Cena 4 - A experiência de contato de Ellie
O relativismo científico em Contato
No último ato do filme observamos as influências das dinâmicas da comunidade científica, durante o retorno de Ellie e seu relato. Estes momentos nos evidenciam como uma série de fatores sociais, tais como os valores de um dado grupo interferem nas dinâmicas dos indivíduos da comunidade científica.
Podemos ter uma análise mais cuidadosa de tais questões à luz do relativismo. Para o relativismo não há uma verdade absoluta, objetiva, acima de qualquer experiência. O relativista considera conhecimento científico como sendo baseado em pressupostos arbitrários, onde as interações sociais são determinantes em sua estruturação (Japiassu, 2000) e o conjunto de valores de um individuo ou comunidade são extremamente relevantes no processo de construção do conhecimento cientifico (Chalmers, 2014). Deste modo, a prova científica é válida para os padrões de um grupo, de uma comunidade científica e neste processo a influencia social é decisiva em sua validação (Japiassu, 2000).
No caso de Ellie, sua experiência carece de provas, evidências físicas (ao menos no conhecimento da maioria dos personagens e do espectador até dado momento do filme), podendo contar apenas com o seu relato. Por ser extremamente subjetivo, contando com influencias de sua vida pessoal, tais como memórias e expectativas, sua experiência não é válida perante aos critérios de validação objetiva da comunidade científica.
No entanto, não podemos esquecer que os fatores subjetivos são fortemente influentes na formulação do conhecimento científico. Hilton Japiassu em sua obra Nem Tudo é Relativo afirma que “toda decisão científica é influenciada por fatores sociais e inspirada por motivações e objetivos extracientíficos. As certezas do cientista freqüentemente são crenças que ele abraça por razões subjetivas” (Japiassu, p. 36). Do mesmo modo que ocorreu à Ellie, as certezas de sua experiência foram moldadas por questões íntimas.
Cena 5 - O relato de contato de Ellie
Cabe destacar, que embora a subjetividade seja influente na formulação do conhecimento científico, tal como o relativismo defende, alguns valores ainda são importantes para tornarem a ciência um corpo de conhecimento sistematizado. Precisão em previsões (incluindo previsões quantitativas), a quantidade de diferentes problemas resolvidos, simplicidade e compatibilidade com outras especialidades são critérios que constituem valores na comunidade científica. No entanto, como esses valores serão relevantes dentro de um grupo depende de fatores psicológicos do cientista e sociais de sua comunidade (Chalmers, 2014).

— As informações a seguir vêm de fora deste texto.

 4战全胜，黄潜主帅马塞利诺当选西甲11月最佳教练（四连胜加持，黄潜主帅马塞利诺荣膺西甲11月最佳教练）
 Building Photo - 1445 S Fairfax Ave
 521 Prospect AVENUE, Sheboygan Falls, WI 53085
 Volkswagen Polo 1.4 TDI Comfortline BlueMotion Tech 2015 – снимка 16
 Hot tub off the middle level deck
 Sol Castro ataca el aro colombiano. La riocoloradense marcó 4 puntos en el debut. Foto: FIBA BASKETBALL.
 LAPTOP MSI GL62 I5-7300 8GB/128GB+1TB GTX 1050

O que observamos no contexto da obra é que há muito mais do que a presença ou ausência de provas. Há todo um contexto social e político que qualifica uma hipótese em favor da desqualificação de outra, onde a Navalha de Occan funciona apenas como um artifício metodológico. A pesquisadora é indagada por autoridades de qual hipótese seria mais provável diante deste mesmo princípio: uma viagem intergaláctica real, tendo um contato com uma forma de vida extraterrestre ou uma situação arquitetada por terceiros, associada a uma alucinação sua. Neste caso, ambas as hipóteses carecem de provas concretas. Embora o espectador esteja em posição de conhecer a veracidade do relato de Ellie, seus pares não o estão. Quando uma teoria não pode ser estabelecida por meio de provas, tendo-se duas hipóteses opostas, aquela que levantar menos dúvidas, deve ser aceita (Rodriguez-Fernández, 1999). É exatamente o que ocorre com Ellie, a hipótese aceita pela comunidade científica é de que toda sua experiência se tratou de uma orquestração do excêntrico financiador de sua pesquisa. Embora esta hipótese também careça de provas, aos demais cientistas, parece menos “absurda” que o relato de Ellie.

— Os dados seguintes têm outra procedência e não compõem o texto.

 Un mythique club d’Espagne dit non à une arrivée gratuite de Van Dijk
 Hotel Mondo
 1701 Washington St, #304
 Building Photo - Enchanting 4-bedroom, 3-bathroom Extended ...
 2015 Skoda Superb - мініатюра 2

Cabe destacar que enquanto principio lógico, a Navalha não é completamente eficiente, uma vez que nem sempre a hipótese mais simples é a correta. Estas limitações surgem, sobretudo no caso de resolução de problemas que emergem de dificuldades técnicas (ibidem, 1999). É exatamente o que observamos no caso do filme. Os cientistas e especialistas técnicos não estão em posição para avaliar as questões técnicas da viagem espacial feita por Ellie em alguns segundos terrestres, além de avaliar a única prova desta viagem: a gravação de estática de horas. A única prova da veracidade do relato de Ellie que é mantida em sigilo pelo governo.
Logo, temos estabelecido no filme um cenário onde o governo dos Estados Unidos por meio do seu secretário de segurança torna indisponível a única prova física da viagem de Ellie, fazendo com que seu relato seja desqualificado. Deste modo a influencia política e social é determinante na construção de uma hipótese mais aceitável em detrimento da experiência pessoal e de pouco alcance político.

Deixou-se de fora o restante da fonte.